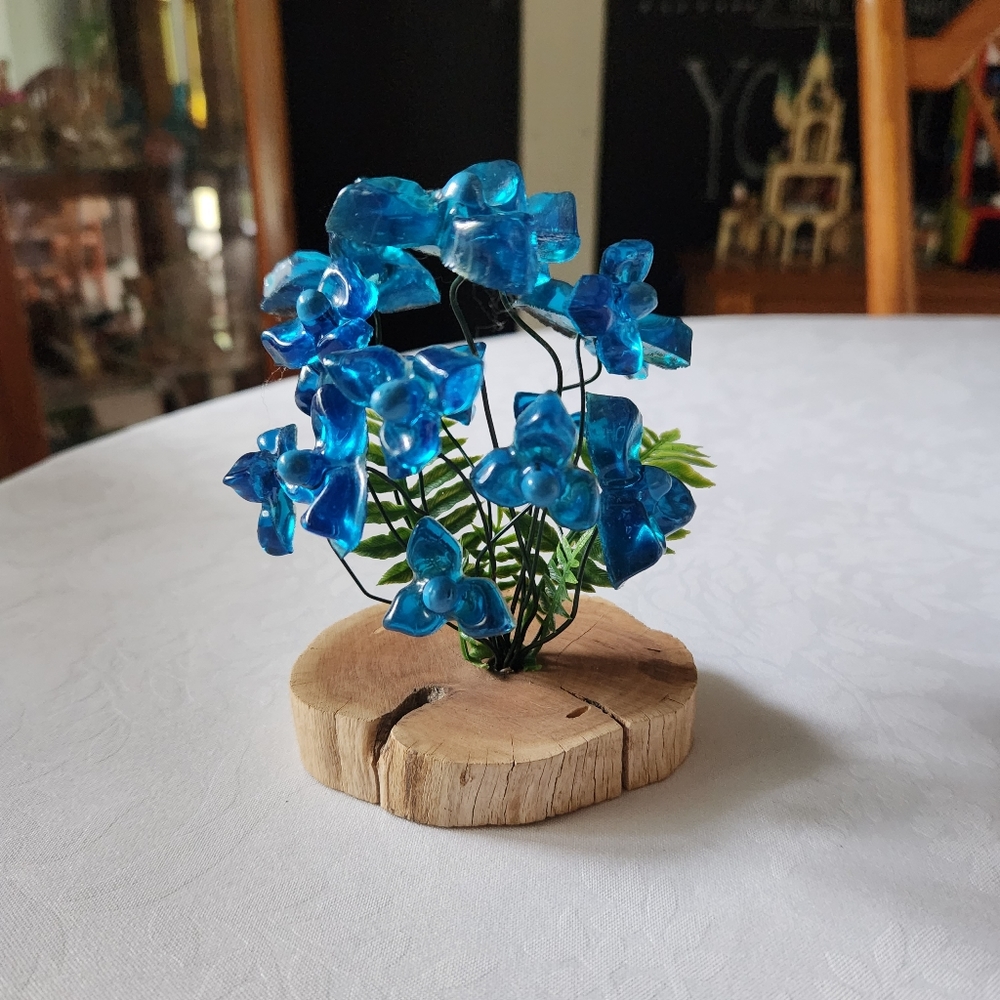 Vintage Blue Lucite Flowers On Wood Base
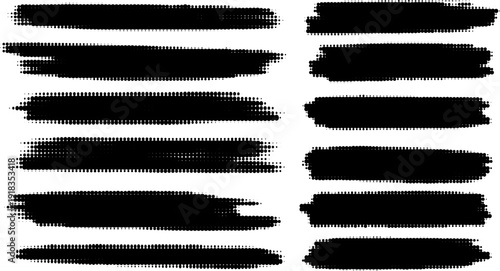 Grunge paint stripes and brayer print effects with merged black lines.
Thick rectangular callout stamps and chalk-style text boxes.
--
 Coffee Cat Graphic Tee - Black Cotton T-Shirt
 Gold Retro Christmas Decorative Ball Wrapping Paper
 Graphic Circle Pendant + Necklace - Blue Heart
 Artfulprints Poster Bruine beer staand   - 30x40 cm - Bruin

Your goal -
Keep to the stretch from the line containing "Vintage Blue Lucite Flowers On Wood Base" through the line containing "Thick rectangular callout", both ends included, and copy it exactly from the listing above, minus the pictures.

Response for this exercise -
 Vintage Blue Lucite Flowers On Wood Base
 Grunge paint stripes and brayer print effects with merged black lines.
Thick rectangular callout stamps and chalk-style text boxes.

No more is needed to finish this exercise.